The argument for the appellant in this court
Mr John Laws, for the commissioners, points out that a court faced with the making or variation of a restraint order or a charging order is not concerned with the making of a confiscation order or a process of execution in satisfaction of such an order. It is concerned solely with the preservation of assets at a time when it cannot know whether the accused will or will not be convicted. Such a jurisdiction is closely analogous to that exercised by the courts in relation to Mareva injunctions and might, not inaccurately, be referred to as a 'drugs Act Mareva.' Under the Mareva jurisdiction the interest of the potential judgment creditor has to be balanced against those of actual creditors, whether secured or unsecured, and of the defendant himself who may succeed in the action and should be fettered in his dealing with his own property to the least possible extent necessary to ensure that the processes of justice are not frustrated.

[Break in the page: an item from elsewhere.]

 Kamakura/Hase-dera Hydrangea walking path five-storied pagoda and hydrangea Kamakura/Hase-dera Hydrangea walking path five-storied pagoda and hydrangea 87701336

Subsection (2) is consistent with such a purpose, subject to what Mr Laws described as a 'legislative steer,' namely, that, so far as is reasonable taking account of the fact that the accused may be acquitted and that, unlike the position under the Mareva jurisdiction, there is no counter undertaking in damages although there is a discretionary power to award compensation under section 19 of the Act, the value of the realisable property shall be maintained in order that it may be available to satisfy any confiscation order.
The exercise of power to vary the restraint order by Nolan J was entirely consonant with this purpose. Mr Peters, as an unconvicted accused person who might be acquitted, was entitled to ask that his son's education should not be interrupted, that he himself should be adequately clothed and that he should be able to pay for the costs of his defence. But the anticipatory discharge of liabilities which could be expected to arise only after Mr Peters had either been acquitted or convicted and, in the event of conviction, his property had been made subject to a confiscation order is quite another matter and is wholly contrary to section 13(2) and indeed the underlying purpose of the protected provisions of the Act."
If a defendant against whom a restraint order has been made wishes to vary the order in order to enable him to use the funds or assets which are the subject of the order, which I will call "the restrained assets", in order to pay for his defence, it is for him to persuade the court that it would be just for the court to make the variation sought. I would call that the burden of persuasion. For example, if it were clear that the defendant had assets which were not restrained assets, the court would not vary the order because it would not be just to do so consistently with the underlying purpose of the restraint order.